November 2, 2019 – The University of the West Indies’ Seismic Research Center (UWI-SRC), in collaboration with the National Emergency Management Organization (NEMO), will be hosting the second in a series of five-day training sessions with volunteers.
This time, it’s the turn of volunteers in the north leeward communities under the volcano ready communities project. The project aims to prepare communities to manage potential impacts of La Soufrière Volcano and related hazards.
The “Volcano-Ready Communities in St. Vincent and the Grenadines” project targets 12 communities in the high-risk zones of La Soufrière. It specifically seeks to improve response capacities through training and risk assessment; develop a “Volcano-Ready” framework and toolkit for communities; and create public education and awareness materials to be shared with schools, businesses, and residents.

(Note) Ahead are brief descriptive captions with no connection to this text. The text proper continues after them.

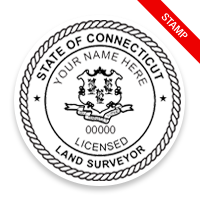 This professional land surveyor stamp for the state of Connecticut adheres to state regulations and provides top quality impressions. Orders over $75 ship free.
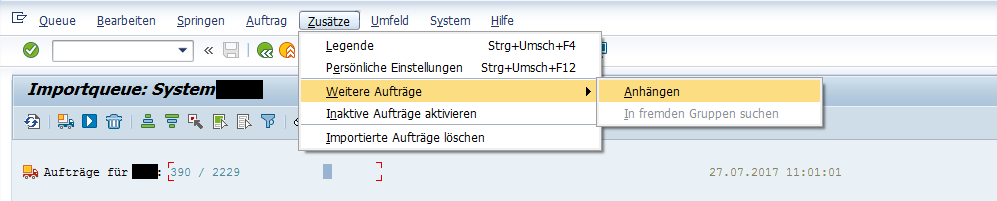 STMS - Aufträgen Anhängen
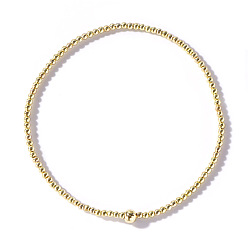 Золотой Роскошные латунные круглые бусины эластичные браслеты для мужчин и женщин, внутренний диаметр: 6-7/8 дюйм (17.5 см)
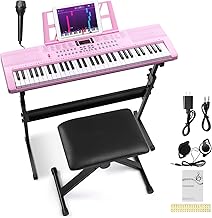 Ktaxon 61 Key Keyboard Piano Electric Keyboard, Electric Piano Set with Headphones, Microphone, Music Rest, Power Adapter, Piano Stand, Piano Bench and Manual (Full Size H Stand-Nude Pink)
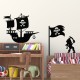 Sticker navire, drapeau et pirate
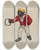 Triptych art skateboard deck of George E Rhone Hitching Post by George E Rhone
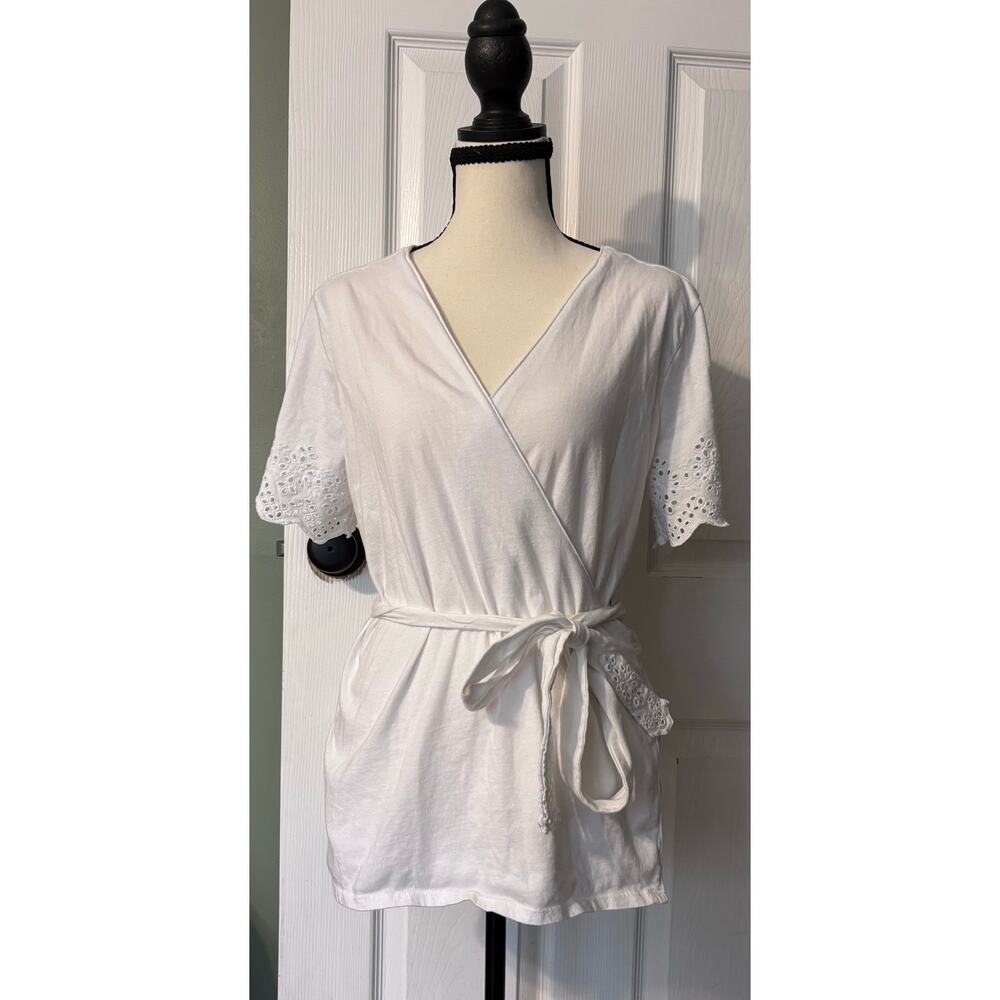 Sundance Wrap Shirt White Eyelet Sleeve Women's Large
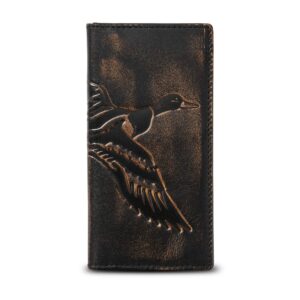 House of Jack Co. DUCK Long Wallet for Men | Full Grain Leather with Hand Burnished Finish | Long Bifold Wallet | Rodeo Wallet | Duck Hunter Gift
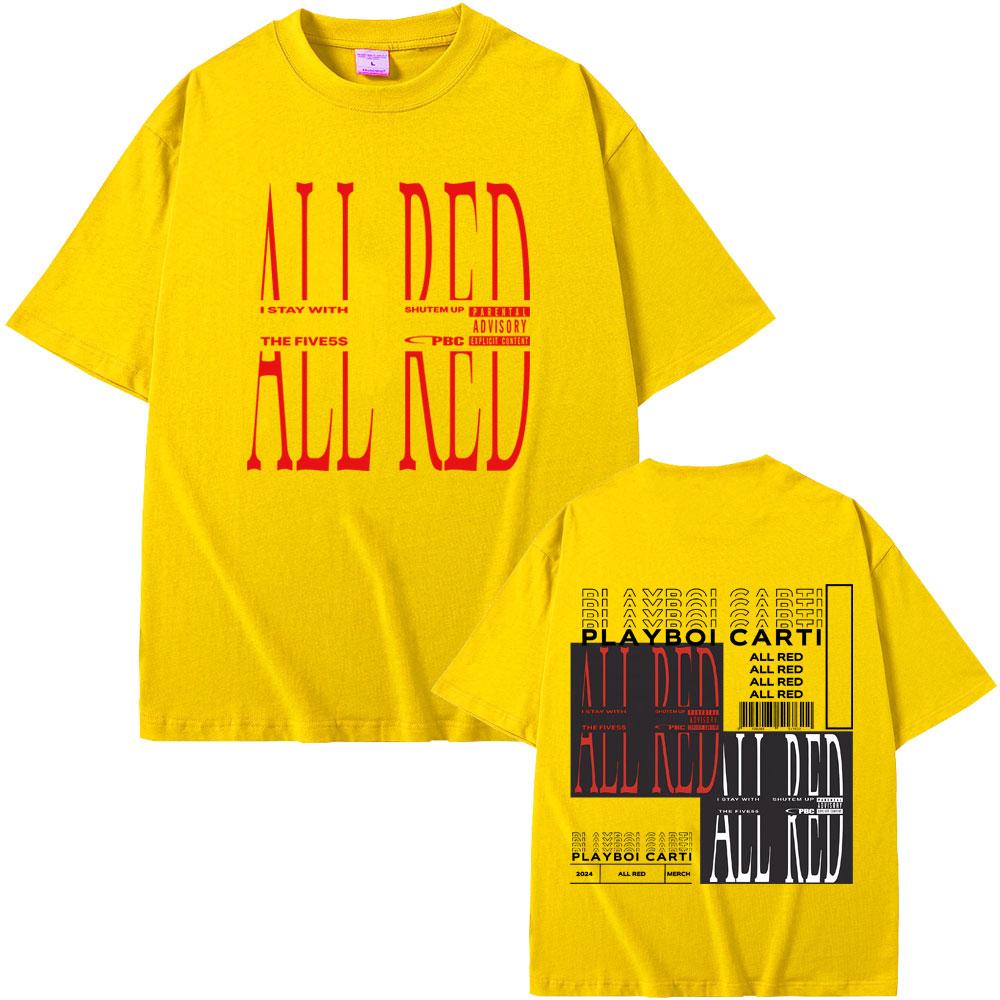 Rapper Playboi Carti Celé červené album Grafické tričko Opium 2024 Pop Out Whole Lotta Red Tričko Pánské Dámské Módní Hip Hop Trička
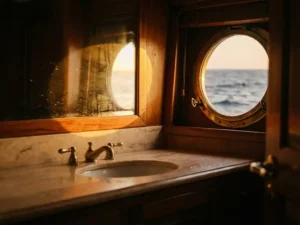 Luxury cruise ship bathroom with marble countertops, brass fixtures, and sunset light through porthole window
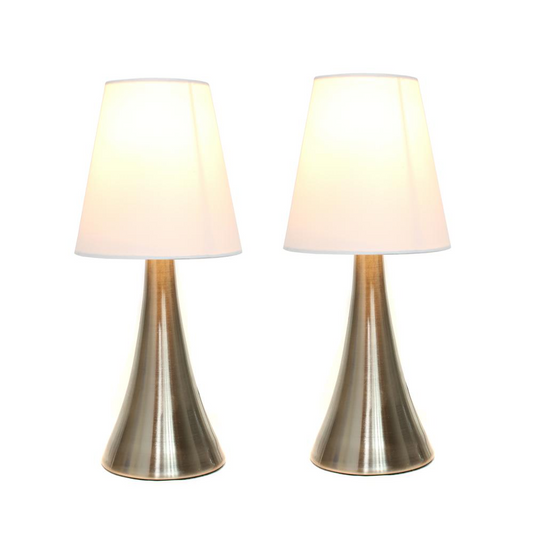 Just Right Baby Lights in Brushed Nickel, 2-Pack Mini Touch-On Table Lamp Set 11.42"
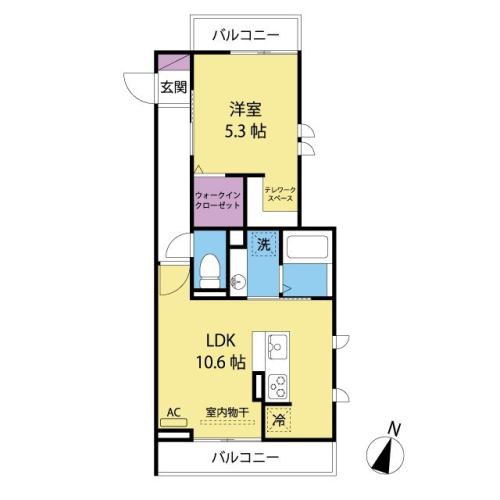 2面テラスで使いやすい間取りの1LDKタイプ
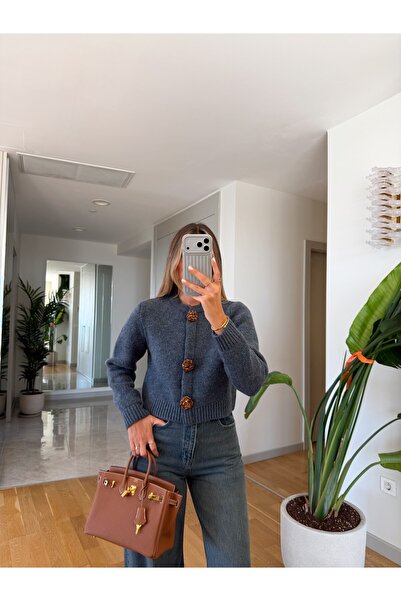 MERVE AKSOY Big Button Jacket Cardigan - Indigo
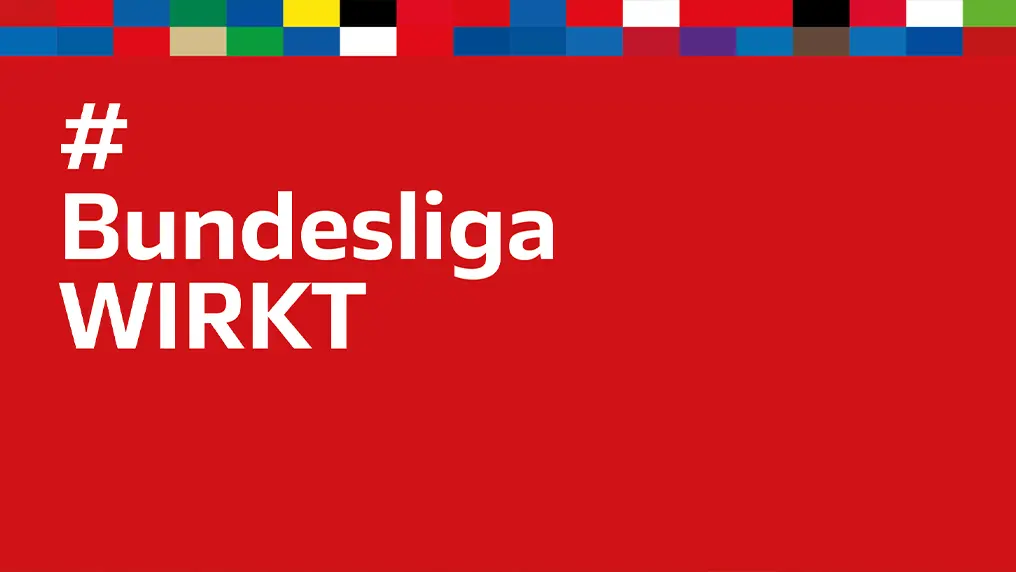 #BundesligaWIRKT on a red background. (Photo)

“We want to ensure that people here can live safely and resiliently and enjoy their lives, so that when bad things happen because of the environment that [they] won’t be knocked back as badly,” says NEMO Director, Michelle Forbes. Following successful completion of the project, St. Vincent and the Grenadines will be the first country in the Region to hold a “Volcano-Ready” designation. The 12 communities targeted during the two-year project have been divided into two groups. On the Windward side: Big Level, Colonarie, Fancy, Overland, Owia, Park Hill, Sandy Bay and South Rivers; and on the Leeward side: Chateaubelair, Fitz Hughes, Rose Hall and Spring Village.
The official Project Launch was held on April 6, 2018 at the Sandy Bay Government School, and attended by beneficiaries of approximately six of the targeted communities
. The project is being administered through CDB’s Community Disaster Risk Reduction Fund (CDRRF) and is supported by the Government of Canada and the European Union.
The workshop will be held at the Richmond Vale Academy at Richmond. It begins at 8.30 in the morning on Monday, November 3 and will run until Friday, November 8th.